Worker Pools in C#

Our example demonstrates how to implement a worker pool using threads and channels in C#.

using System;
using System.Collections.Concurrent;
using System.Threading;
using System.Threading.Tasks;

class WorkerPool
{
    // This is our worker, of which we'll run several concurrent instances.
    // These workers will receive work on the jobs channel and send the corresponding
    // results on results. We'll sleep a second per job to simulate an expensive task.
    static void Worker(int id, BlockingCollection<int> jobs, BlockingCollection<int> results)
    {
        foreach (var j in jobs.GetConsumingEnumerable())
        {
            Console.WriteLine($"worker {id} started  job {j}");
            Thread.Sleep(1000);
            Console.WriteLine($"worker {id} finished job {j}");
            results.Add(j * 2);
        }
    }

    static async Task Main()
    {
        // In order to use our pool of workers we need to send
        // them work and collect their results. We make 2
        // channels for this.
        const int numJobs = 5;
        var jobs = new BlockingCollection<int>(numJobs);
        var results = new BlockingCollection<int>(numJobs);

        // This starts up 3 workers, initially blocked
        // because there are no jobs yet.
        for (int w = 1; w <= 3; w++)
        {
            int workerId = w;
            Task.Run(() => Worker(workerId, jobs, results));
        }

        // Here we send 5 jobs and then close that
        // channel to indicate that's all the work we have.
        for (int j = 1; j <= numJobs; j++)
        {
            jobs.Add(j);
        }
        jobs.CompleteAdding();

        // Finally we collect all the results of the work.
        // This also ensures that the worker tasks have finished.
        for (int a = 1; a <= numJobs; a++)
        {
            results.Take();
        }

        results.CompleteAdding();
    }
}

Our program shows the 5 jobs being executed by various workers.
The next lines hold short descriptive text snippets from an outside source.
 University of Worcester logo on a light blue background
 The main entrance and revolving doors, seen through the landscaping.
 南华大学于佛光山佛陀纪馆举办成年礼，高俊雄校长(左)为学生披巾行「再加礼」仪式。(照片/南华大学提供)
The program only takes about 2 seconds despite doing about 5 seconds of total work because there are 3 workers operating concurrently.

To run the program, save it as WorkerPool.cs and use the dotnet command:

$ dotnet run WorkerPool.cs
worker 1 started  job 1
worker 3 started  job 3
worker 2 started  job 2
worker 1 finished job 1
worker 1 started  job 4
worker 3 finished job 3
worker 2 finished job 2
worker 2 started  job 5
worker 1 finished job 4
worker 2 finished job 5

The execution time will be around 2 seconds, demonstrating the concurrent nature of the worker pool.

In this C# implementation, we use BlockingCollection<T> to represent channels, Task.Run() to start worker threads, and GetConsumingEnumerable() to consume items from the collection in a blocking manner. The CompleteAdding() method is used to signal that no more items will be added to the collection, similar to closing a channel in the original example.